As someone with a long term interest in The Rumour, Graham Parker’s one-time backing band (their three albums on their own, Max, Frogs Sprouts Clogs and Krauts and Purity Of Essence occupy a significant place in Hughesy’s list of criminally underrated albums) who also worked as the Stiff Records house band I really should have done a better job of following the individual members of a mighty fine outfit over the thirty years since they broke up in 1981.

Keyboard player Bob Andrews was the first to fly the coop, splitting in 1979 and subsequently absent from Purity Of Essence and has gone on to play on over a thousand recordings with engineering and production credits for more than fifty artists, facts I was totally unaware of until a review of this album on the Burning Wood blog had me rocking over to iTunes to grab a copy.

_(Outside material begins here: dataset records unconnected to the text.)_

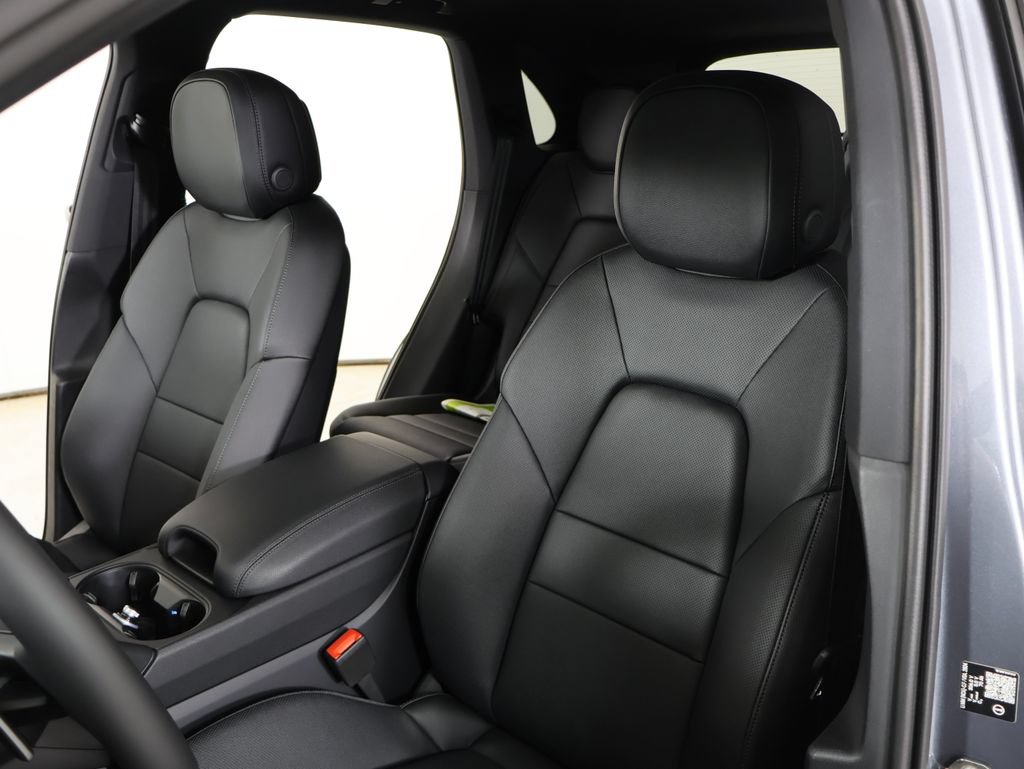 New 2026 Porsche Cayenne E-Hybrid AWD/4WD image 10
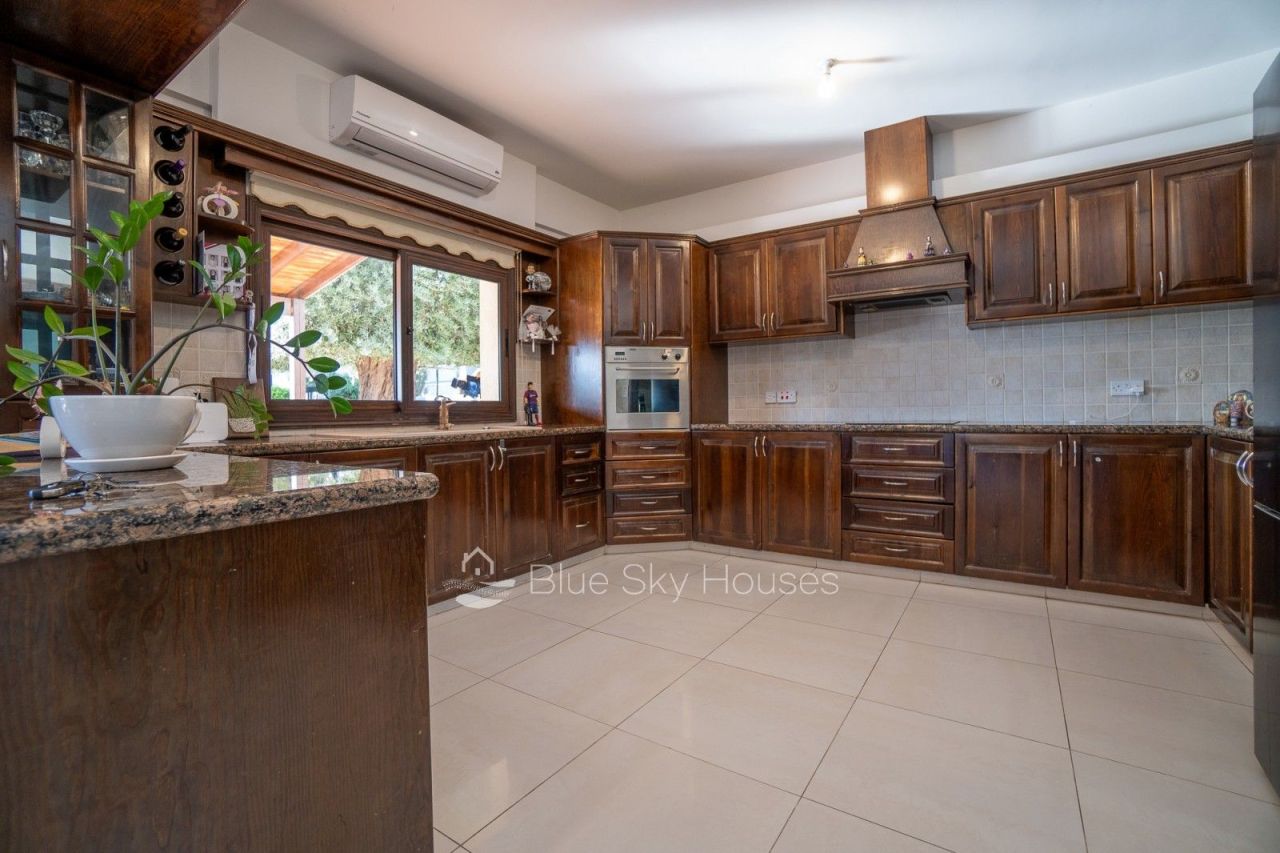 Вилла в Лимасоле, Кипр, 350 м² - фото 6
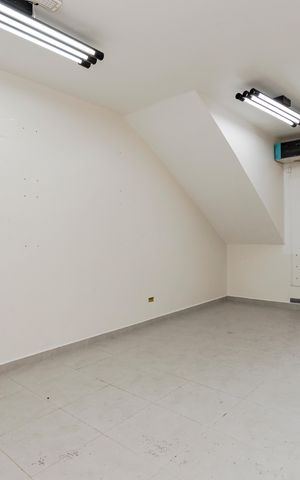 Casa para alugar com 240m², 3 quartos e 2 vagas Casa para alugar com 240m², 3 quartos e 2 vagasQuarto de Serviço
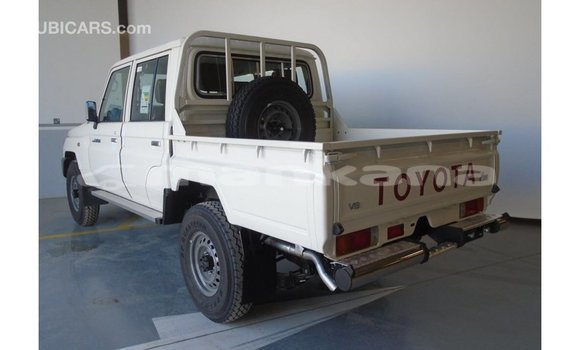 Buy Import Toyota Land Cruiser White Car in Import - Dubai in Abhasia Buy Import Toyota Land Cruiser White Car in Import - Dubai in Abhasia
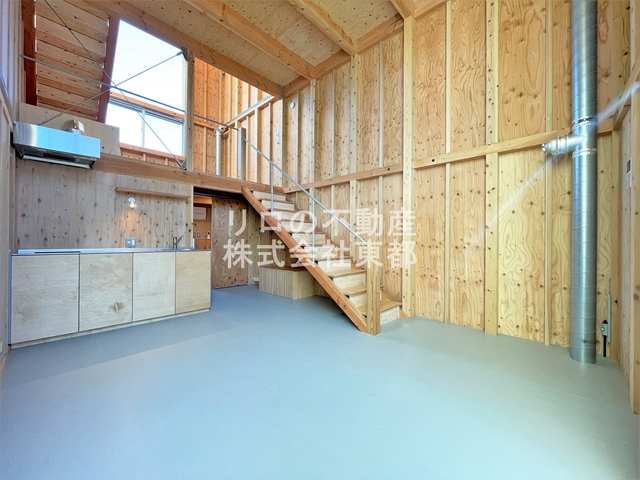 居室・リビング　明るく開放感のあるリビングダイニングです♪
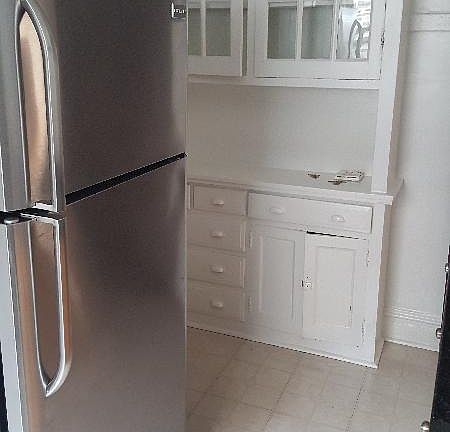3rd image of 4516 N Wolcott Ave APT 1B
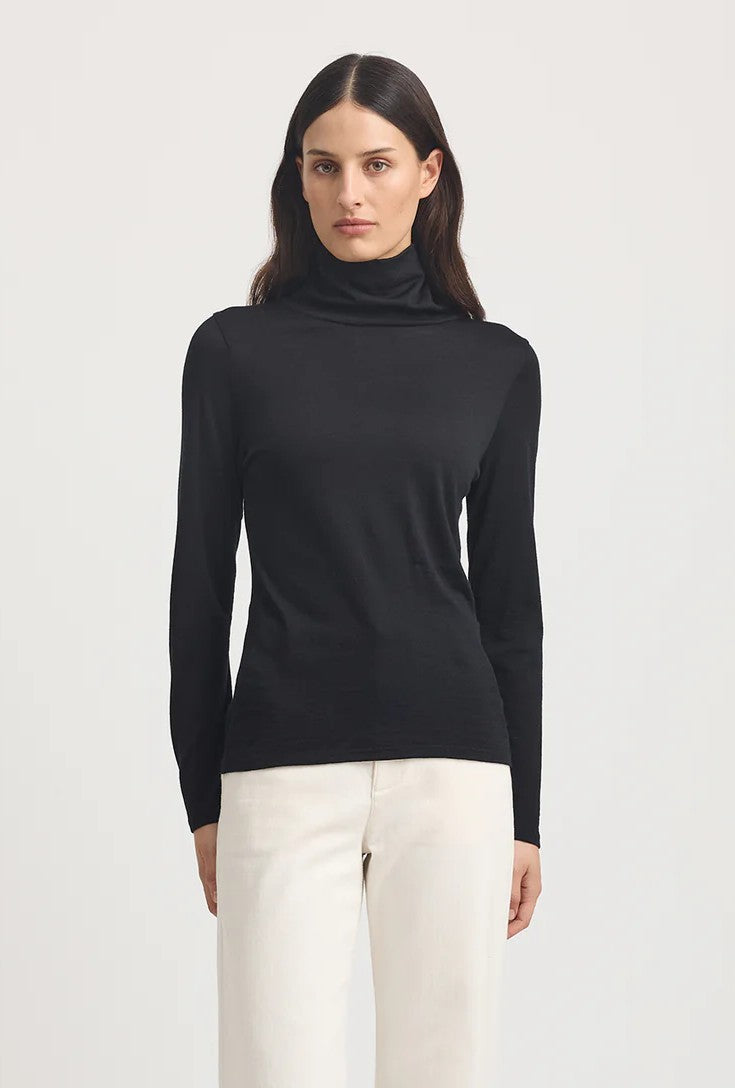 Turtle Neck Merino Tee - Black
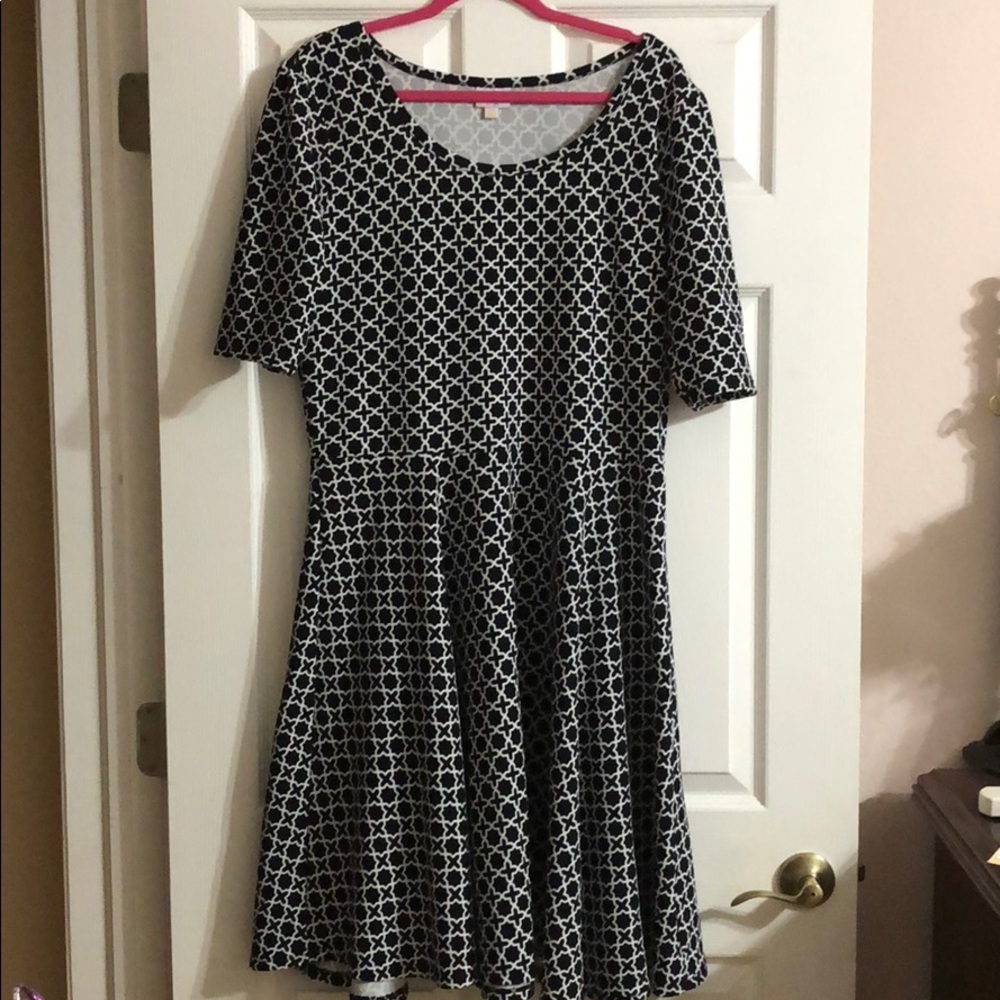 LulaRoe Nicole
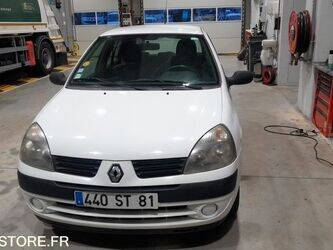 2004-renault-clio-1410891-45177457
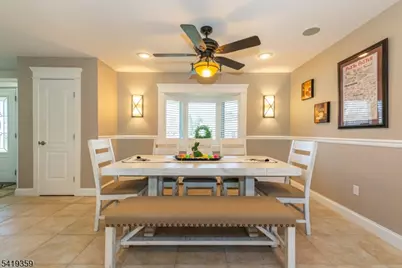 19 Caryn Place, Fairfield, NJ 07004 - Photo 15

Twenty years ago he ended up settling in New Orleans, and has, by all accounts, become a fixture in the Crescent City music scene with a regular gig at Dos Jefes Uptown Cigar Bar at 5535 Tchoupitoulas Street, frequent appearances on the local community radio station (WWOZ)and at the New Orleans Jazz and Heritage Festival. He has, along the way, acted as a side man for, among others, John Mooney, Jumpin' Johnny Sansone and Marva Wright and played several gigs with Allen Toussaint.

This album, inspired by a book of the same name about the unique shotgun architecture of New Orleans, Marigny and Bywater neighborhoods, isn’t quite the New Orleans extravaganza you might expect, although it does feature its share of New Orleans identities. Apart from Hughesy’s recent new favourite Alex McMurray on guitar, and Johnny Sansone on harmonica there’s one of Jon Cleary's Absolute Monster Gentlemen (Cornell Williams) on bass, the New Orleans Blues Department’s Red Priest on guitar, the Dirty Dozen Brass Band’ s Jermal Watson on drums and up and coming saxophonist Calvin Johnson. Andrews handles keyboard and vocal duties, and contributes some guitar for good measure.

So, what’s it all about?

You’re looking, believe it or not, at a musical rendering of the adventures of Guzzard and Mr. Poo, New Orleans lyricist/author and healthcare consultant Robin Hunn’s black Labradors. The illustrated book sets the song lyrics that recount two dogs’ antics beside photographs of the Marigny and Bywater neighbourhoods with additional graphic elements from Atom Davis.

Hunn, who formed a company (RKR-CB Productions) to promote New Orleans music and help musicians delivered the set of lyrics to Andrews, who came up with the tunes, and came up with the photographs. The saga of Guzzard and Mr. Poo will continue with another book/CD combo, Invisible Love, described as edgier and more adventurous

Musically, the eleven tracks deliver a tasty fusion of Andrews’ Brinsley Schwarz and The Rumour pub rock roots and New Orleans blues and funk, deliberately looking to put the musicians in places they don’t normally go.

The title track kicks things off nicely with a Brinsley Schwarz groove, which then falls comfortably into a bit of salacious funk on Man In The Man Position and additional raunch included on Put Out or Shut Up (no explanations necessary there, folks). That’s also the case with I Knew It Was Wrong But I Did It Anyway though it’s not immediately evident we’re talking canine rather than human misbehaviour. Black Alligators mines a a dirty little New Orleans groove with tasty harp from Johnny Sansone, while Local Lover, Doghouse, Entitled to Love and Hit Me With A Bus choogle along merrily. Around the Corner and Only Lovers Do wind things up nicely, and the whole exercise hangs together rather nicely even without the book which was, I must admit, a disappointment when it arrived.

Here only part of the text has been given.